» EXERCISE PROMPT
A faithful copy of all the records is needed, with the pictures omitted.

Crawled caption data
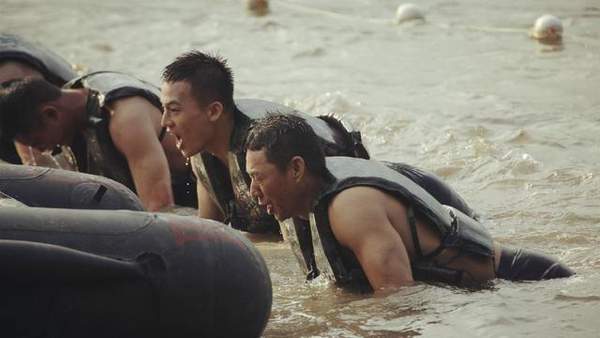 兵自风中来演员都有谁？兵自风中来演员表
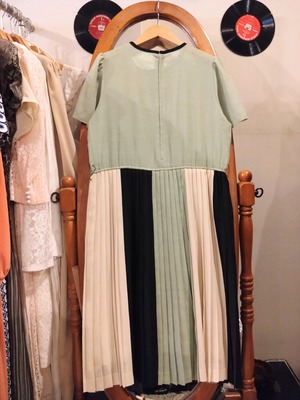ミントグリーン色切替プリーツワンピース/レトロアンティークヴィンテージ日本製古着服MADEINJAPAN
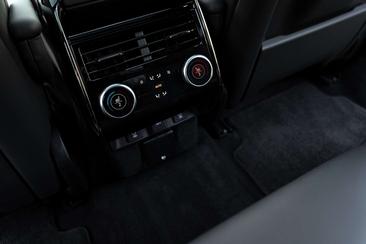 Land Rover Range Rover Sport P550e — photo 22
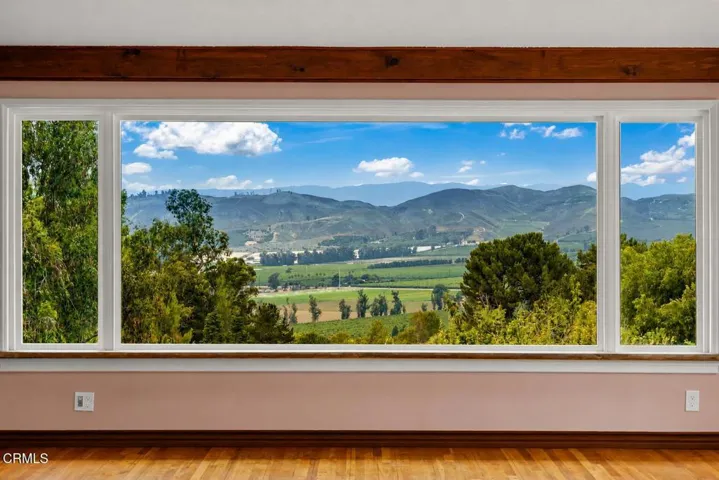16 PANORAMIC VIEWS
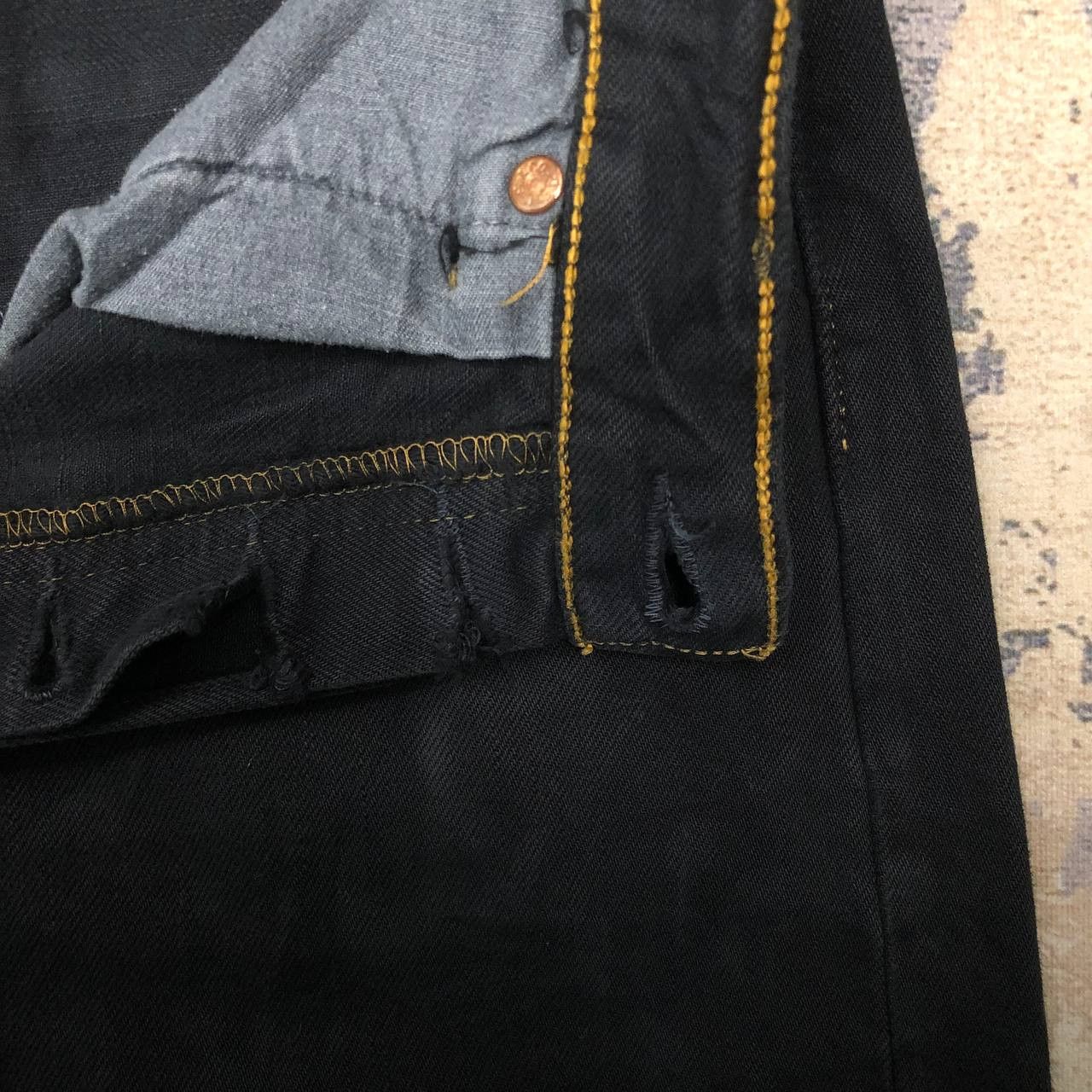 Levi's P638 VTG LEVI'S 501 ALL BLACK DENIM Size US 32 / EU 48 - 7 Thumbnail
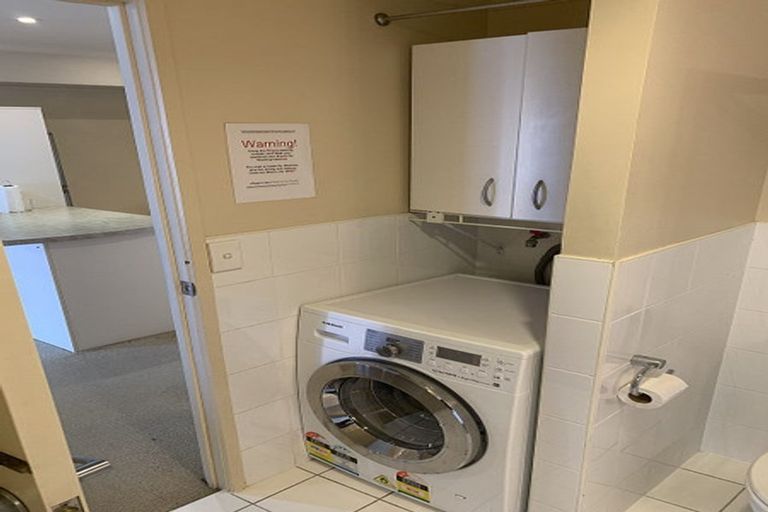 Photo of property in 2k/18 Ronwood Avenue, Manukau, Auckland, 2104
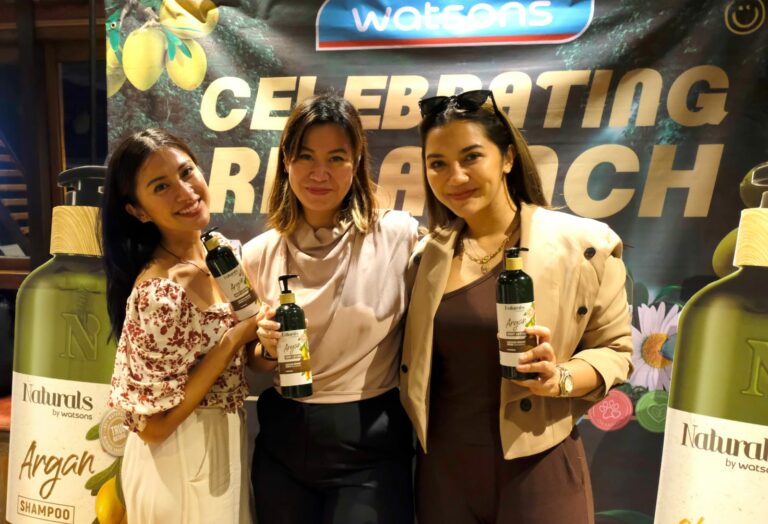 Peduli Lingkungan, Watsons Luncurkan Rangkaian Produk Berbahan Organik Dengan Packaging Dari Plastik Daur Ulang natural by watsons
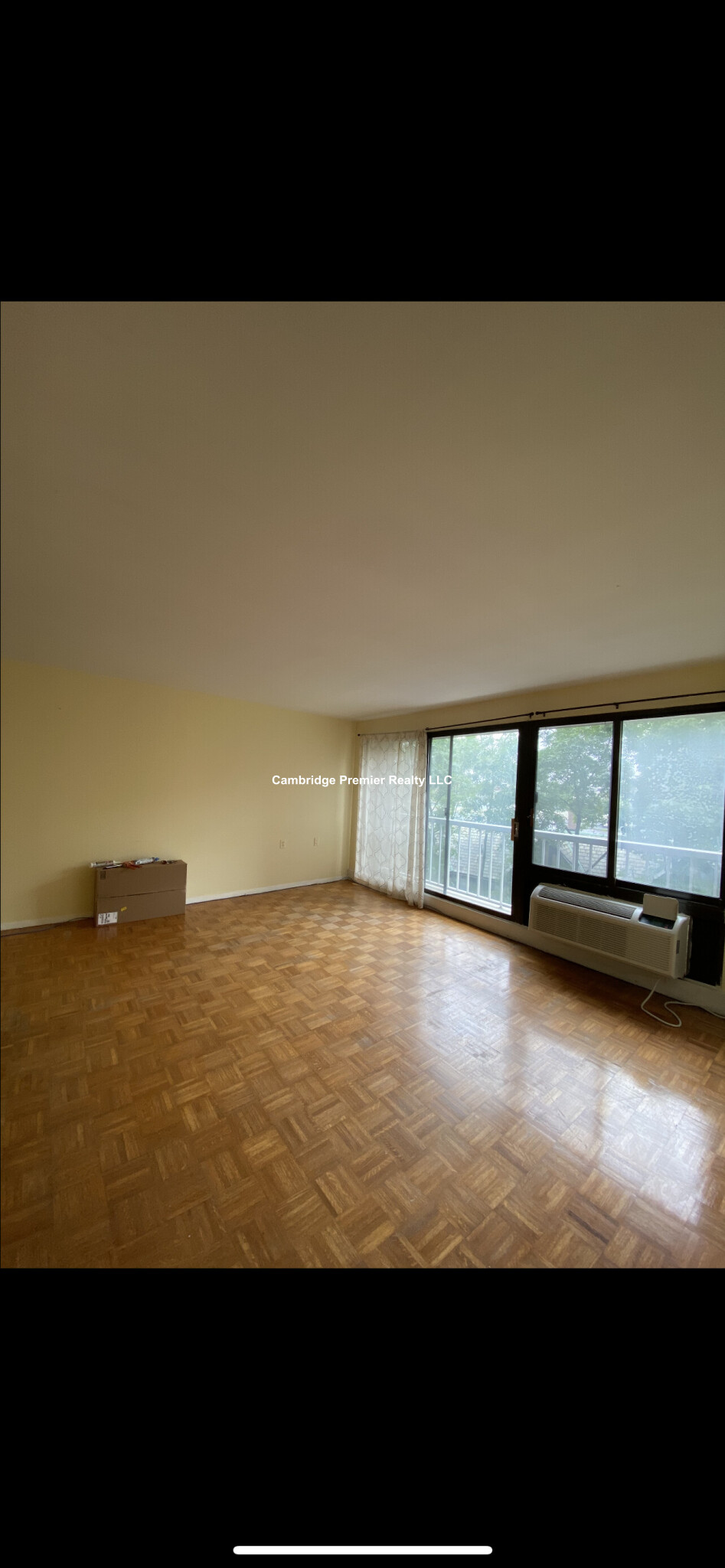 1105 Massachusetts Ave, Harvard Square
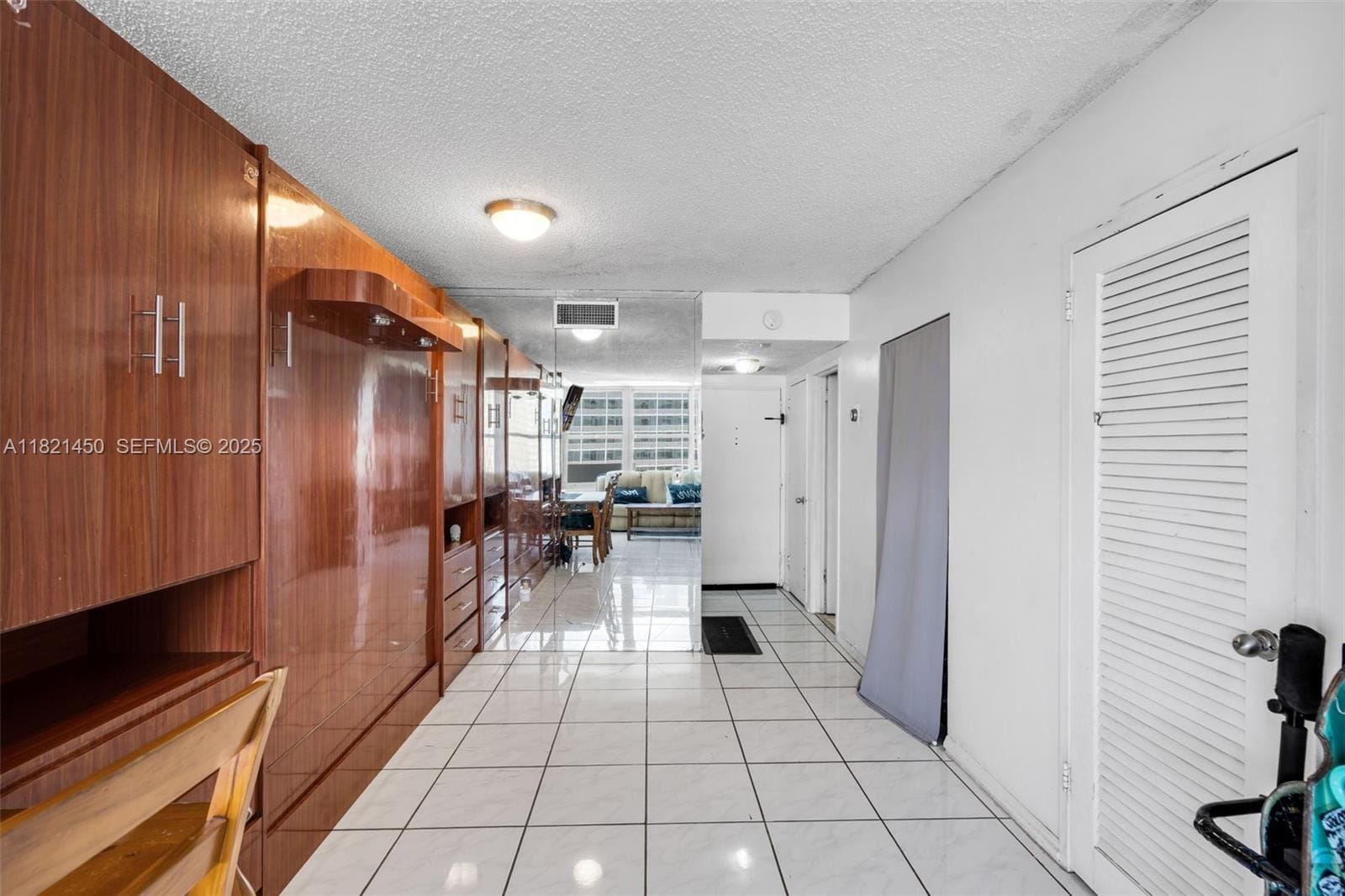 2899 Collins Avenue 821, Miami Beach, FL 33140 photo 14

» SOLUTION
 兵自风中来演员都有谁？兵自风中来演员表
ミントグリーン色切替プリーツワンピース/レトロアンティークヴィンテージ日本製古着服MADEINJAPAN
 Land Rover Range Rover Sport P550e — photo 22
16 PANORAMIC VIEWS
 Levi's P638 VTG LEVI'S 501 ALL BLACK DENIM Size US 32 / EU 48 - 7 Thumbnail
 Photo of property in 2k/18 Ronwood Avenue, Manukau, Auckland, 2104
 Peduli Lingkungan, Watsons Luncurkan Rangkaian Produk Berbahan Organik Dengan Packaging Dari Plastik Daur Ulang natural by watsons
 1105 Massachusetts Ave, Harvard Square
 2899 Collins Avenue 821, Miami Beach, FL 33140 photo 14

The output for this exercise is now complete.